[Study of sexual function in women after surgery for stress urinary incontinence].Zhonghua Fu Chan Ke Za Zhi. 2006 Apr; 41(4):253-7.ZF
To investigate the change of the patients' sexual function after the surgeries for stress urinary incontinence (SUI).
Pelvic organ prolapse-urinary incontinence sexual function questionnaire (PISQ) was sent to 62 sexually active patients who underwent laparoscopic Burch colposuspension or had a tension free vaginal tape (TVT) inserted at least 6 months after the operation, to a maximum of 3 years. The patient was divided into two groups according to different operations, different follow-up intervals and whether there was concomitant coital incontinence before the operations respectively.

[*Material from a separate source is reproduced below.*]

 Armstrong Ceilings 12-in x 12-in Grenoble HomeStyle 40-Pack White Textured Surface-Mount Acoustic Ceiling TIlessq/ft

The changes of PISQ scores before and after the operation were compared between two groups. For the groups not having significant difference in PISQ score, we compared the rate of PISQ score improvement and the rate of satisfaction postoperatively. Multivariate logistic regression analyses were performed to determine whether age, parity, body mass index, menstrual status, surgical history, medical illness, severity of SUI, concomitant hysterectomy and intraoperative or postoperative complications affected the change of sexual function.

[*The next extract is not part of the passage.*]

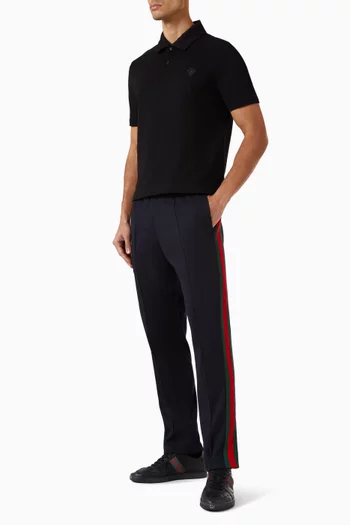Embroidered Polo Shirt in Cotton Pique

Fifty-six patients answered the questionnaire giving a follow-up rate of 90%. The average score of PISQ was 85.2 +/- 10.7 and 82.4 +/- 17.7 before and after the surgery, and there was no significant difference (P > 0.05); however behavioral emotional domain scores worsened (30.5 +/- 6.6 vs 26.8 +/- 10.7, P < 0.05). The PISQ scores of the patients who underwent the operation within a year declined significantly (86.0 +/- 10.7 vs 77.7 +/- 18.6, P < 0.05), especially in behavioral emotional domain (31.0 +/- 7.2 vs 23.7 +/- 11.3, P < 0.01); however after a year, there was no significant change (84.4 +/- 10.8 vs 86.5 +/- 16.1, P > 0.05) and even an improvement in the physical domain (34.5 +/- 5.6 vs 36.9 +/- 4.3, P < 0.05). Regarding the sexual function improvement ratio, the patients who had the TVT operations (54% vs 12%) or had concomitant coital incontinence before the operations (62% vs 23%) were better (P < 0.01). The change of PISQ scores was independent of clinical features.

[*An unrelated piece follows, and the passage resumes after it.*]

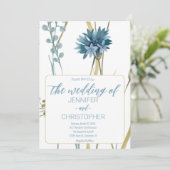 Spring Floral Light Blue Gold White Wedding Kaart (Staand voorkant)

The operations of SUI have an adverse effect on the patients' sexual life within a year, which may recover after that period. TVT operation has a better effect on the patients sexual function compared with laparoscopic Burch colposuspension; the patients who have concomitant coital incontinence before the operations have a better sexual function improvement.